- _Your instructions_
Write out again only the lines between the one with "Gorgeous Beachside Cottage" and the end of the records below, both ends counted, and don't include the pictures.

(Image-caption web data)
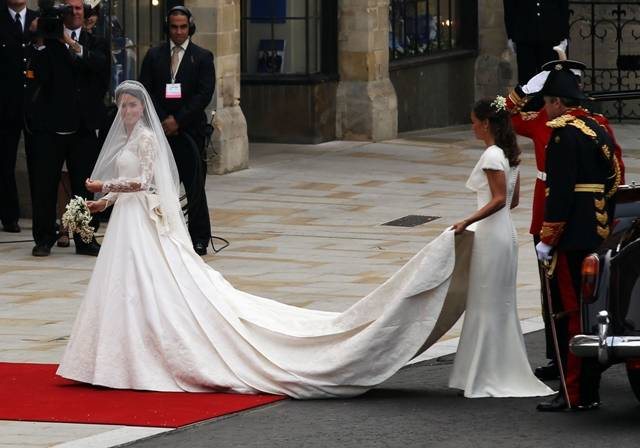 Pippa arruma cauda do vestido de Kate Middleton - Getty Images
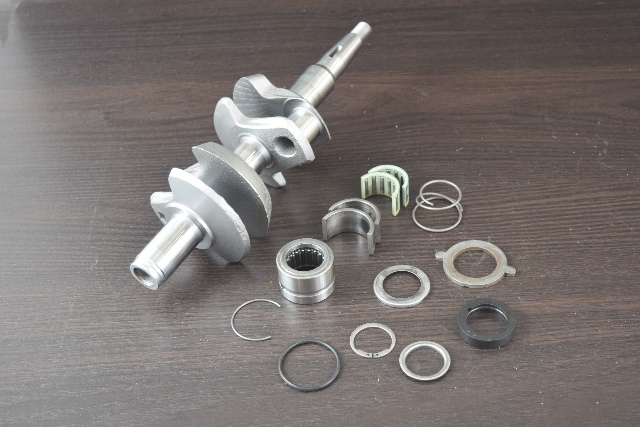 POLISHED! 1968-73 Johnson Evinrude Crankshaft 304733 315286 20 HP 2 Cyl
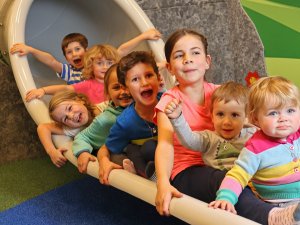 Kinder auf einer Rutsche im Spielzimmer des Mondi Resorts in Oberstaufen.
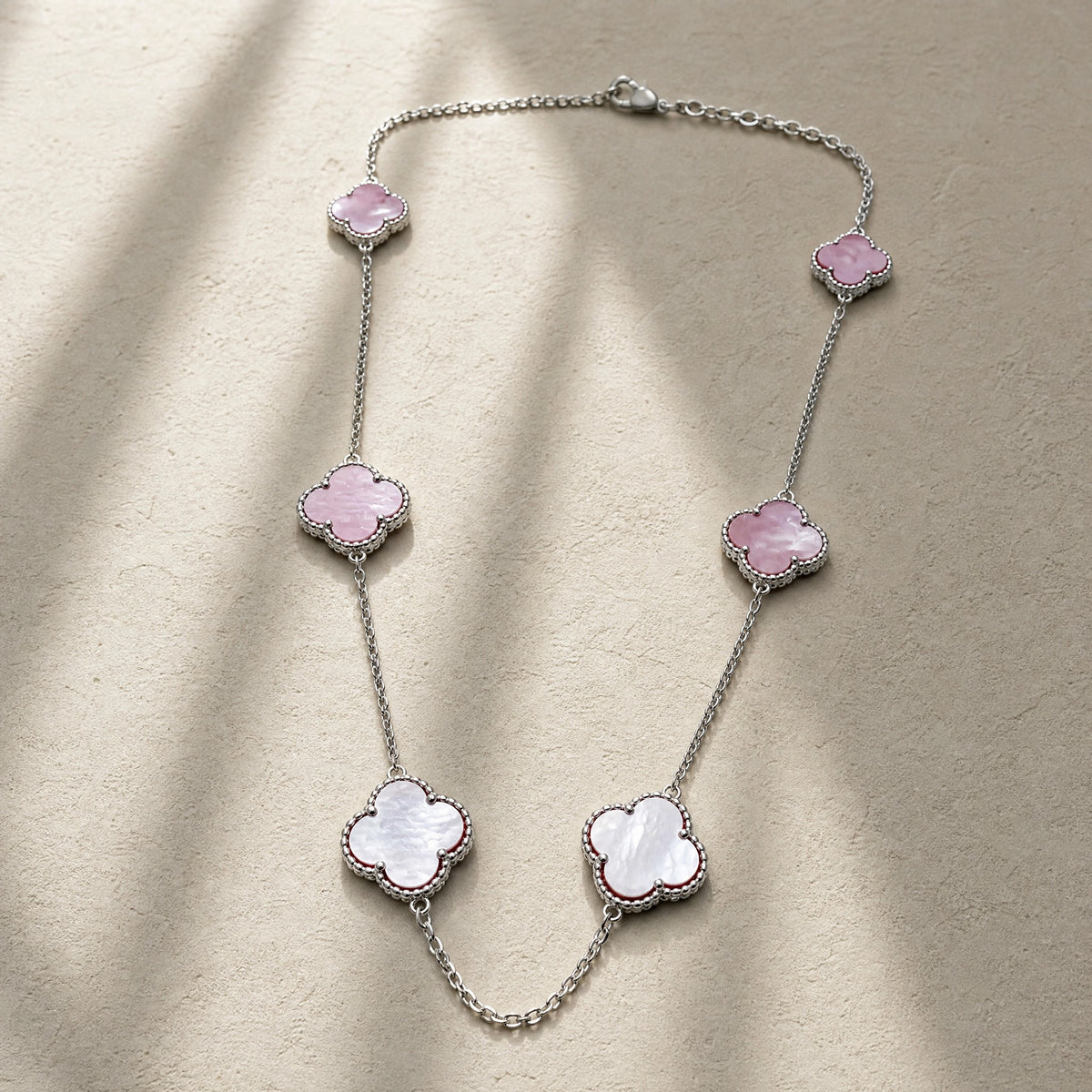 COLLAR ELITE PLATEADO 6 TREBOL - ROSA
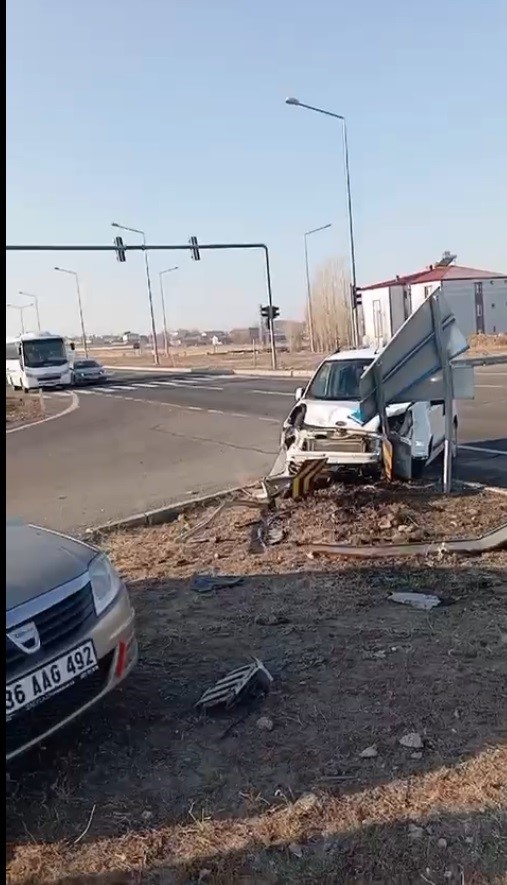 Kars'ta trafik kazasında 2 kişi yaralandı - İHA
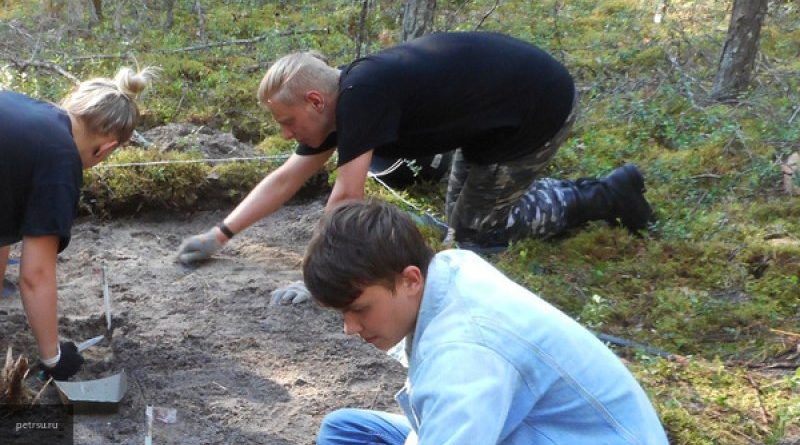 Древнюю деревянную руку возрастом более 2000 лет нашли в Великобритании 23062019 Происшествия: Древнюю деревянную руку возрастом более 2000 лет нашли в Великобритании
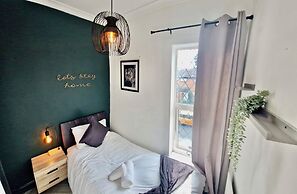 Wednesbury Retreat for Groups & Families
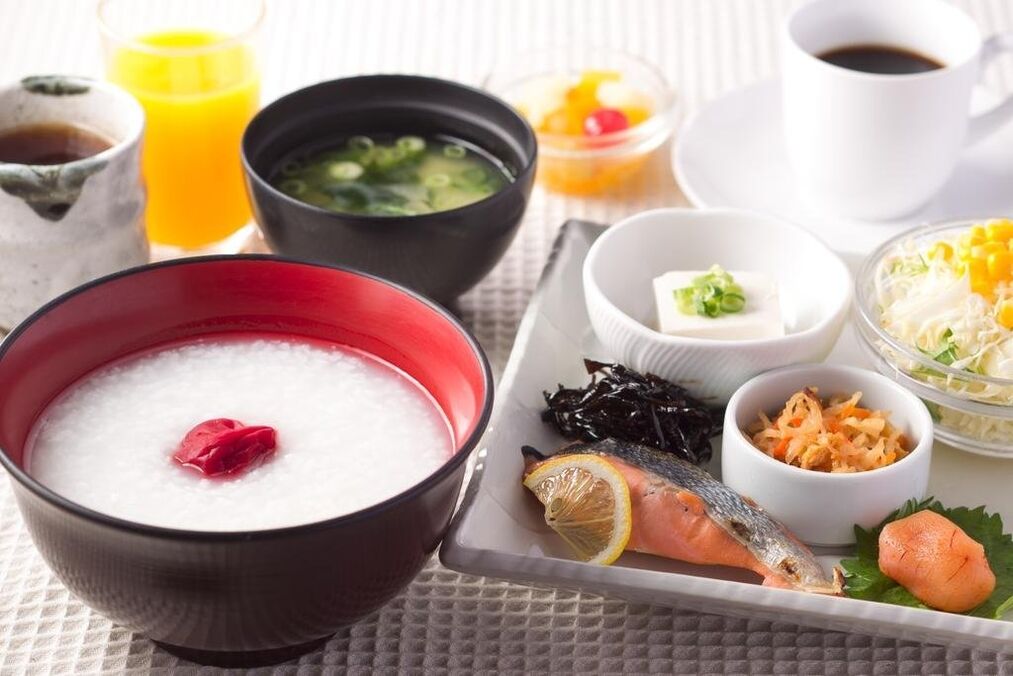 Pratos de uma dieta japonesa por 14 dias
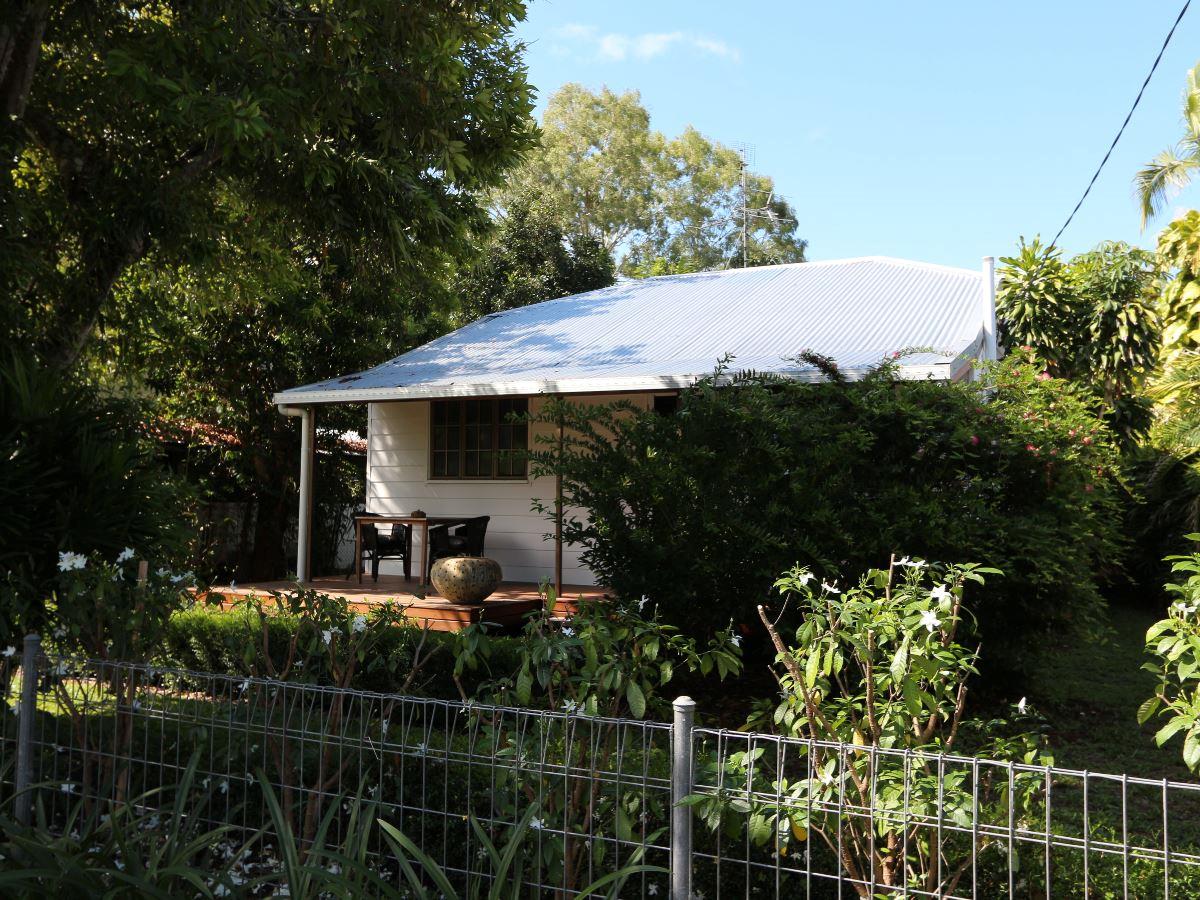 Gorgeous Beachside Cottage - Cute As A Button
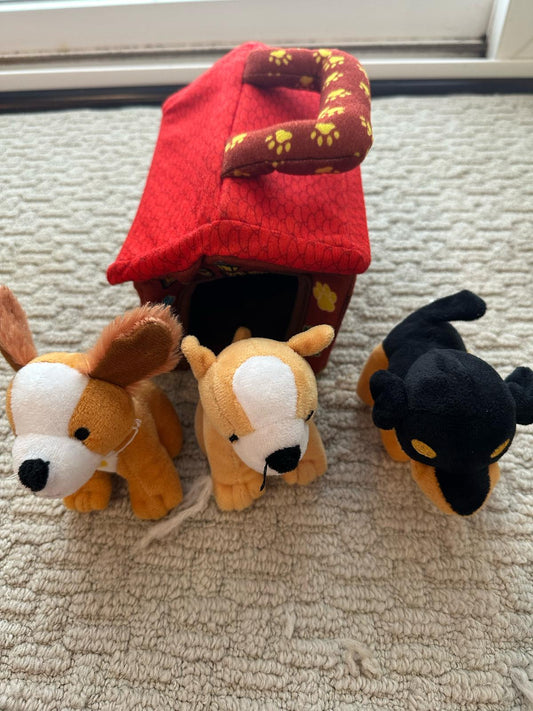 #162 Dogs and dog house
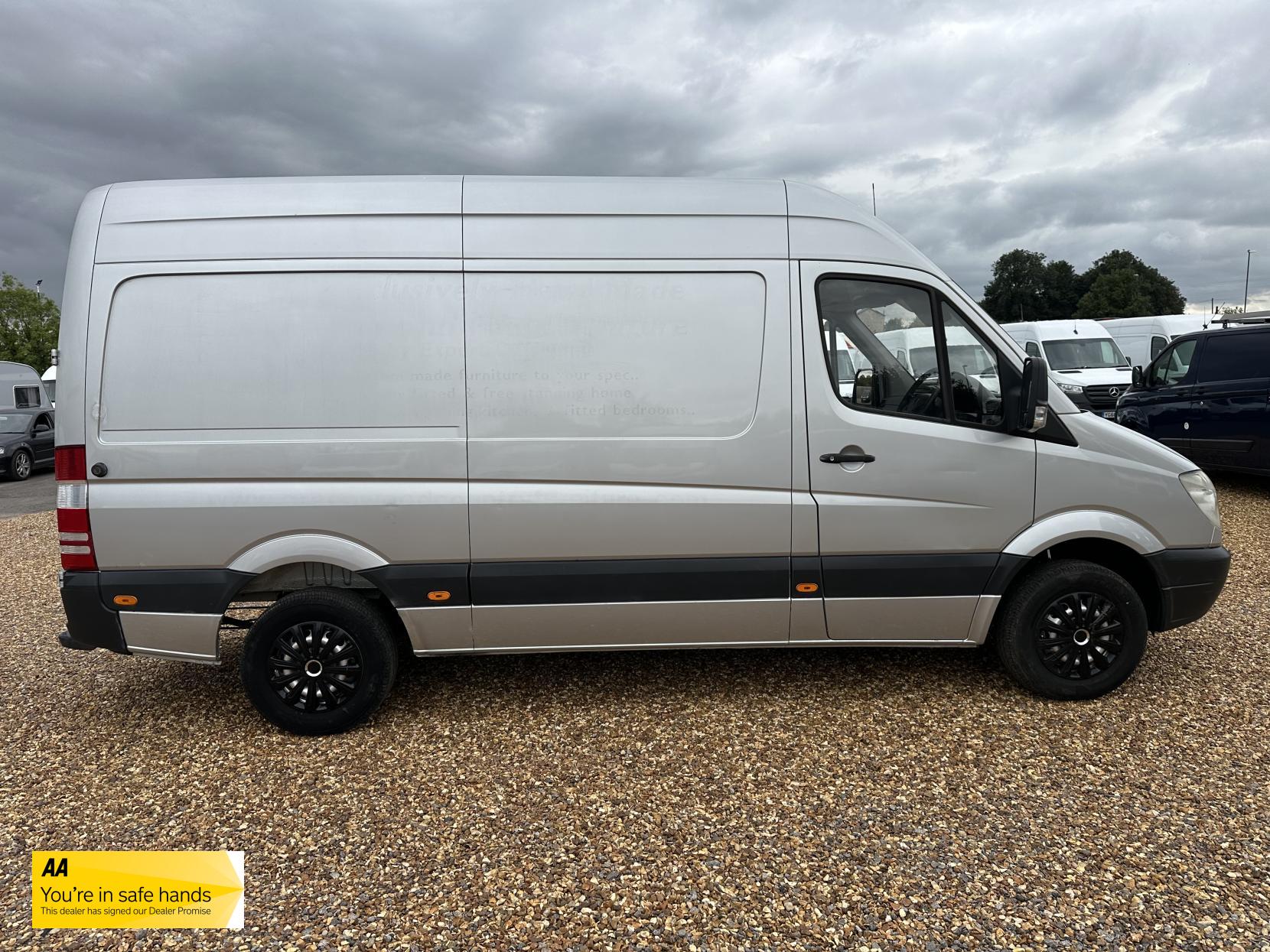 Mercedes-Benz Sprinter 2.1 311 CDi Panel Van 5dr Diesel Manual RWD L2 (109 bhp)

- _Output_
 Gorgeous Beachside Cottage - Cute As A Button
 #162 Dogs and dog house
 Mercedes-Benz Sprinter 2.1 311 CDi Panel Van 5dr Diesel Manual RWD L2 (109 bhp)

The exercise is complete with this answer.